Zenda Liendivit. Directora de Revista Contratiempo
sábado, 8 de enero de 2011
UN MODO DE VIDA (CINE)
No es fácil sintonizar con Leigh-Anne, la protagonista de Un modo de vida (A way of life / Amma Asante, 2004). Con ella, todo parece perdido de antemano. A las imágenes casi bucólicas de esa ciudad portuaria galesa, adormecida por el desgano de grúas inmóviles y chatura edilicia, se le contrapone la actitud revulsiva de la chica. Leigh-Anne y sus amigos funcionan tanto en pandilla como en forma aislada.
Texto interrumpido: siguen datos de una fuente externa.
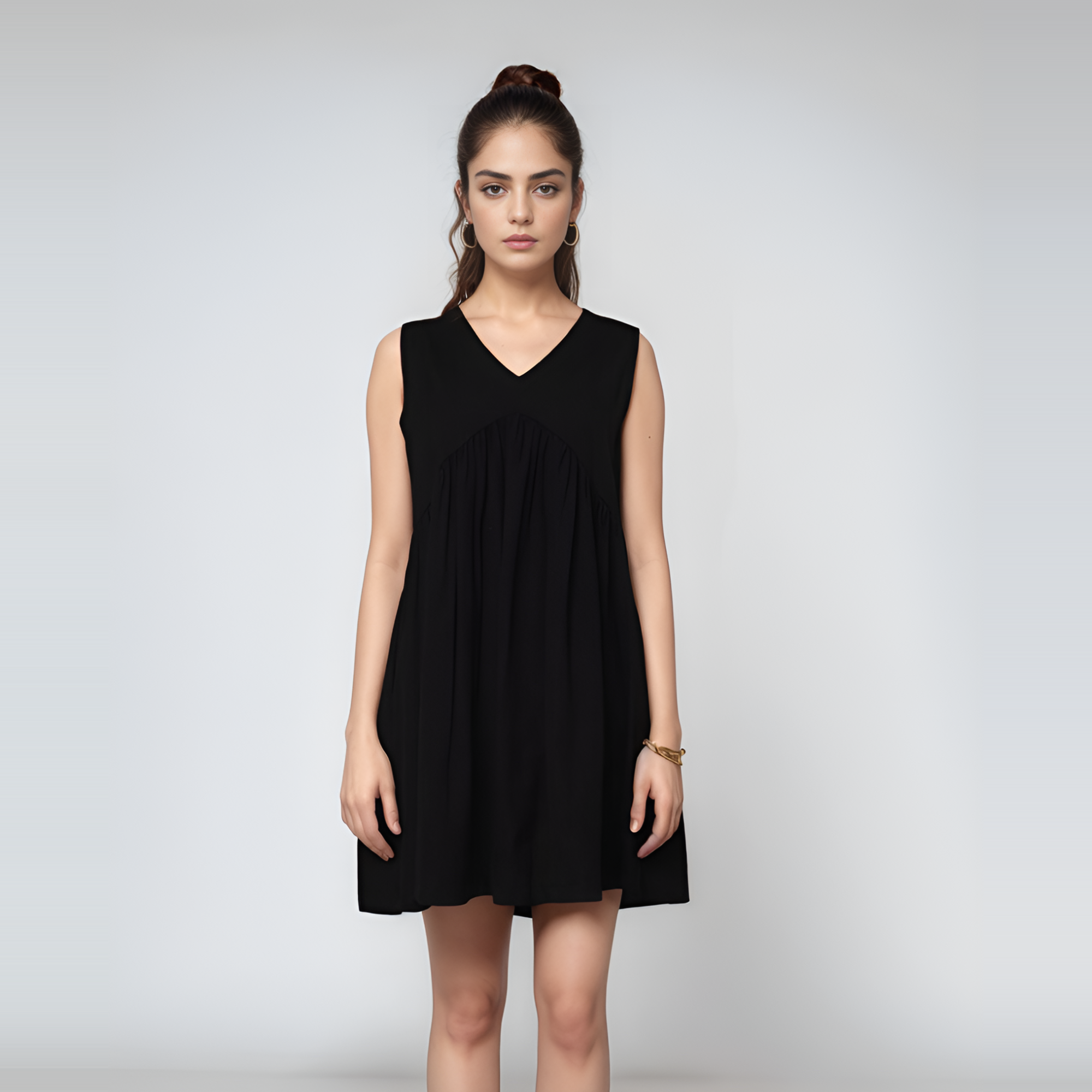 Empire Waist Above-Knee Linen Dress REYKJAVIK with Pockets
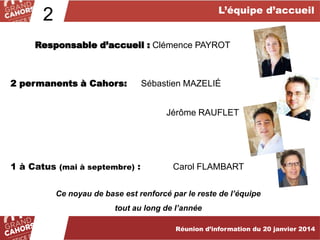 L’équipe d’accueil

2

Responsable d’accueil : Clémence PAYROT

2 permanents à Cahors:

Sébastien MAZELIÉ
Jérôme RAUFLET

1 à Catus (mai à septembre) :

Carol FLAMBART

Ce noyau de base est renforcé par le reste de l’équipe
tout au long de l’année
Réunion d’information du 20 janvier 2014

 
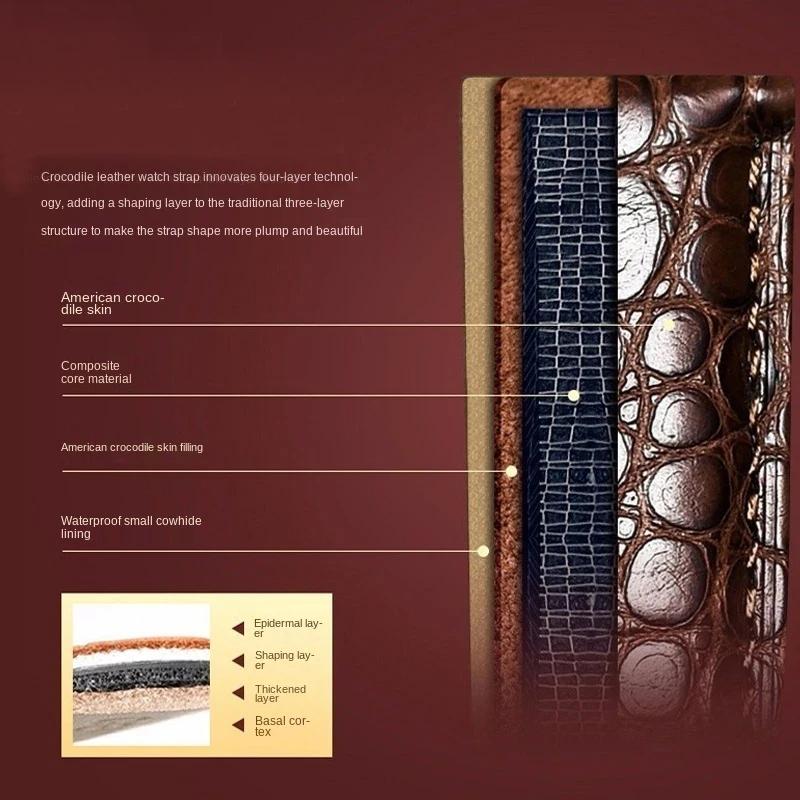 Ремешок для часов из крокодиловой кожи аллигатора 12 14 16 18 20 22 24 мм для мужчин и женщин Longines Master Omega с пряжкой-бабочкой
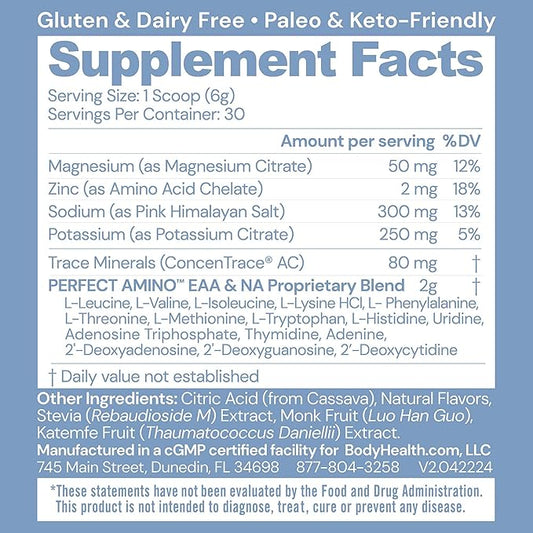 BodyHealth PerfectAmino Electrolyte Powder No Sugar, Hydration Fasting Keto Zero Sugar Electrolytes Drink Mix with Trace Minerals - Lemon Lime - 30 Servings
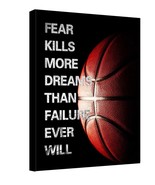 Inspirational Basketball Quote Fear Kills More Dreams Kid Canvas Wall Ar... - $323.05 MXN+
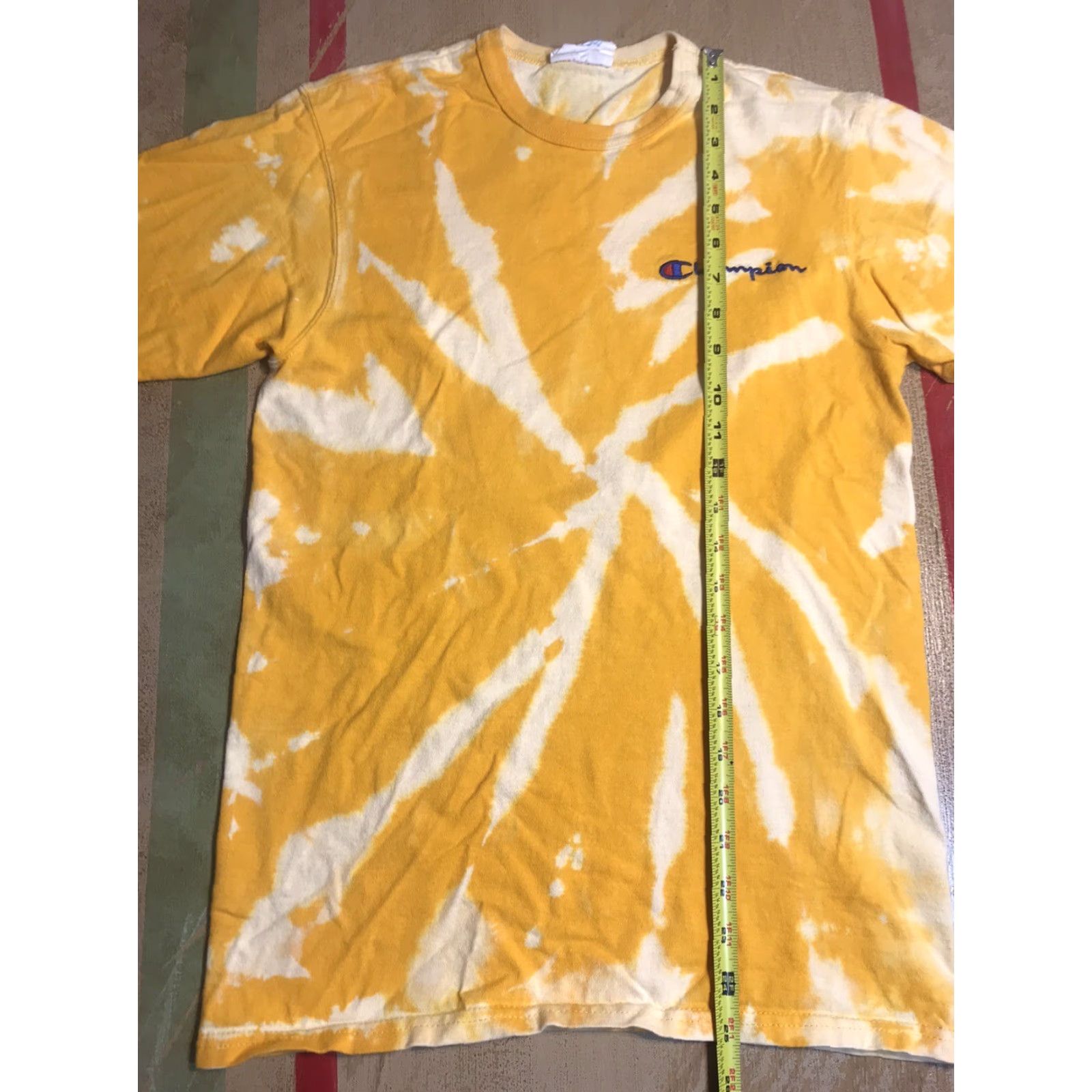 Champion Champion T-Shirt Mens Small Yellow Tie Dye Logo 90s Sports Short Sleeve Crew Neck Vintage No Size US S / EU 44-46 / 1 - 4 Thumbnail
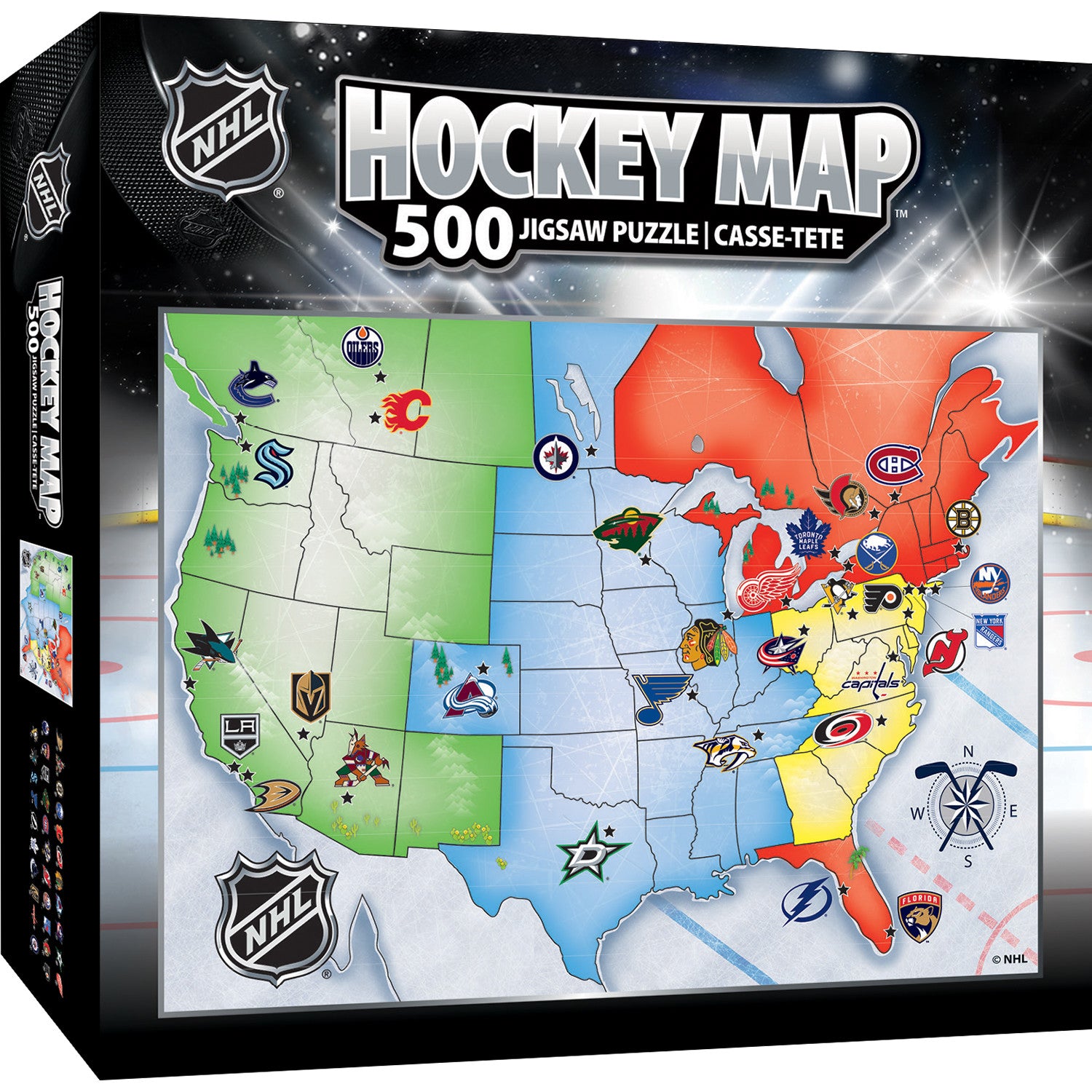 NHL - League Map 500 Piece Jigsaw Puzzle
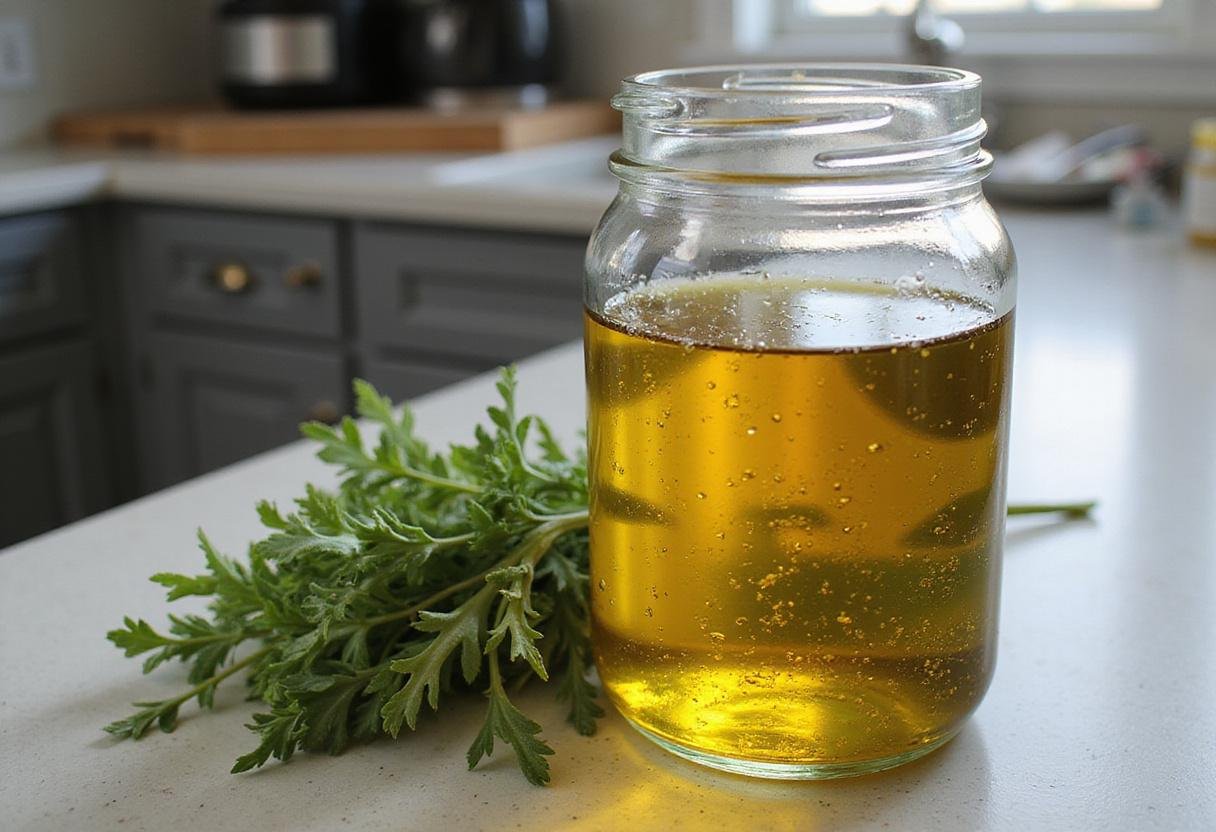 Finished homemade oregano oil infusion displayed in a glass jar, inviting as part of an oregano oil recipe showcase.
Toparse con ellos puede equivaler a la muerte. Ese espíritu destructivo, acicateado por el resentimiento del desecho que se visualiza como tal, va aún más allá: no sólo no hay escapatoria posible sino que tampoco se la busca. Cuando uno de ellos quiere ir a Londres a iniciar una nueva vida, los amigos le recuerdan que la metrópolis no es más que la versión potenciada del pueblo, la gran “Paquilandia”. Y cuando otro quiere trabajar, su condición de ocupa resulta imposible de aceptar para cualquier formulario burocrático. La visión del vecino de origen turco, mejor ubicado en la escala socioeconómica del lugar, también les recuerda que, a veces, moverse da mejores resultados que quedarse quieto. Al vital desplazamiento migratorio en busca de alternativas, ellos le contraponen el movimiento mortal de la xenofobia activa. El odio de Leigh-Anne sin embargo es más complejo, el extranjero no es su objetivo final: ella enfrenta con su cuerpo, descuidado y poco atractivo, la rigurosa homogeneidad del perfil urbano, la fastidiosa quietud cercana a la muerte en la que se desarrolla la vida diaria de los que están afuera. Y busca su destrucción. El mundo entero es, para la protagonista del film de Asante, un campo de guerra donde su propio cuerpo funciona como esas minas terrestres que solo esperan el paso en falso, el enemigo de turno, la víctima anónima. Que tanto puede ser un paquistaní como su propia hija.